Lake Jackson has a decent amount but hard to keep them alive from there in the summer.  Oconee has a good number, look in upper lake, backs of creeks or around golf courses if they have fertilized recently.  Chattahoochee river has them, look for creeks coming into the river.  The rivers above and below every lake have some if you have a jet boat.  Go right before daylight or at dusk and look for them flipping on the surface and you will have better success.  During the day is more exercise.  Dirty water usually holds more and are easier to catch than clear water.  
There are some areas in metro ATL that you can catch some very large gizzards but do you own homework to find them.


----------



## JetJon (Apr 26, 2016)

Thanks for info. I'll keep looking till they are found! LOL


----------



## snapdog (Apr 26, 2016)

As Dustin said gizzards like very shallow muddy flats preferably with some grass close by.


----------



## j_seph (Apr 26, 2016)

Takes a lot of net throwing


----------



## 3ringer (Apr 26, 2016)

Can gizzard shad be caught on bait and hook. What do they eat.


----------



## j_seph (Apr 26, 2016)

3ringer said:


> Can gizzard shad be caught on bait and hook. What do they eat.


plankton alagee


----------



## 3ringer (Apr 26, 2016)

j_seph said:


> plankton alagee



I don't think I have hooks small enough for plankton or algae lol. I stuck a Gopro under our dock and saw about a half dozen fish swimming together that kinda looked like piranha. I figured they must be gizzard shad.


----------



## j_seph (Apr 26, 2016)

3ringer said:


> I don't think I have hooks small enough for plankton or algae lol. I stuck a Gopro under our dock and saw about a half dozen fish swimming together that kinda looked like piranha. I figured they must be gizzard shad.

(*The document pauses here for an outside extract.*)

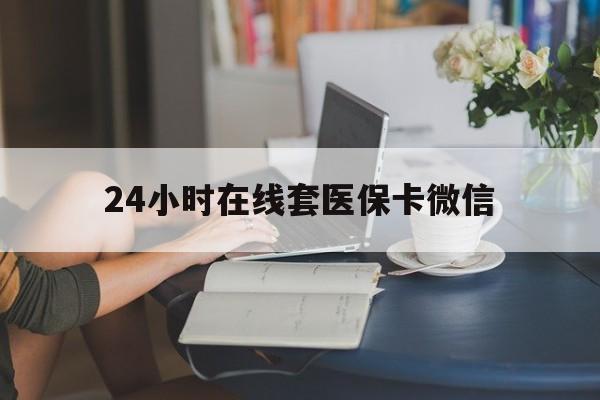 湘潭24小时在线套医保卡微信(24小时在线套医保卡微信中介)
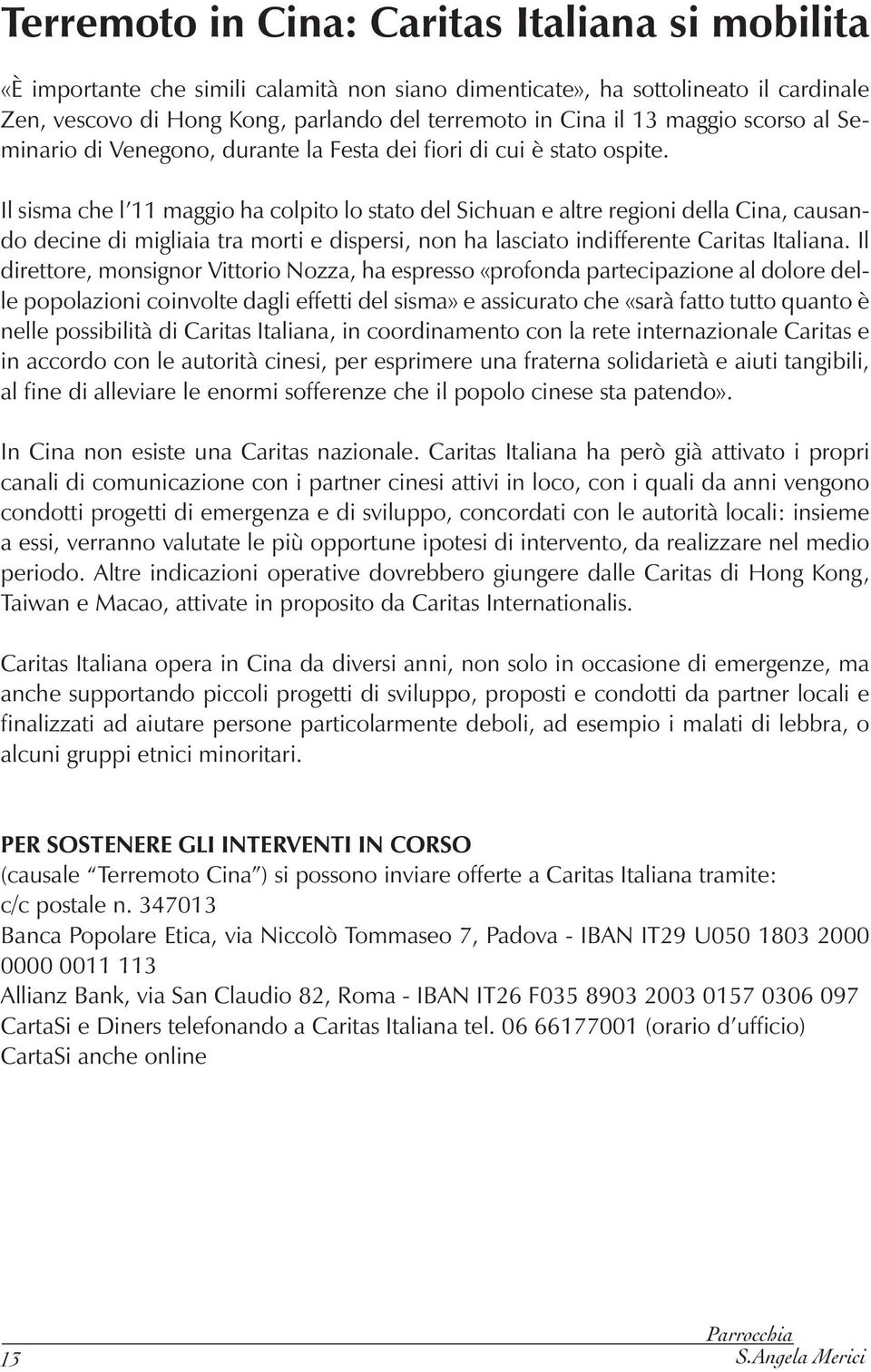 Il sisma che l 11 maggio ha colpito lo stato del Sichuan e altre regioni della Cina, causando decine di migliaia tra morti e dispersi, non ha lasciato indifferente Caritas Italiana.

Post coordinates for your dock please


----------



## BendItBig (Apr 26, 2016)

j_seph said:


> Post coordinates for your dock please



x2 I can come show you how to catch them!


----------



## JetJon (Apr 27, 2016)

I'm good at cast net throwing. I've caught gizzards many times. I have a 1100 gallon tank with filter system just like striper soup uses that I got off craig's list last fall. I'm trying to find places to cast net lots of gizzards.


----------



## fishingdave (Apr 27, 2016)

Brushy branch is where alot of people go.


----------



## TwinStick (Apr 27, 2016)

I caught one on a spinnerbait today at lanier. My dad caught one just after on a crank bait. Was a first for me.


----------



## Dustin Pate (Apr 27, 2016)

TwinStick said:


> I caught one on a spinnerbait today at lanier. My dad caught one just after on a crank bait. Was a first for me.



That isn't a gizzard shad. That is a blue back. It was probably trying to spawn with you bait and snagged a hook.


----------



## jeremyledford (Apr 27, 2016)

Dustin Pate said:


> That isn't a gizzard shad. That is a blue back. It was probably trying to spawn with you bait and snagged a hook.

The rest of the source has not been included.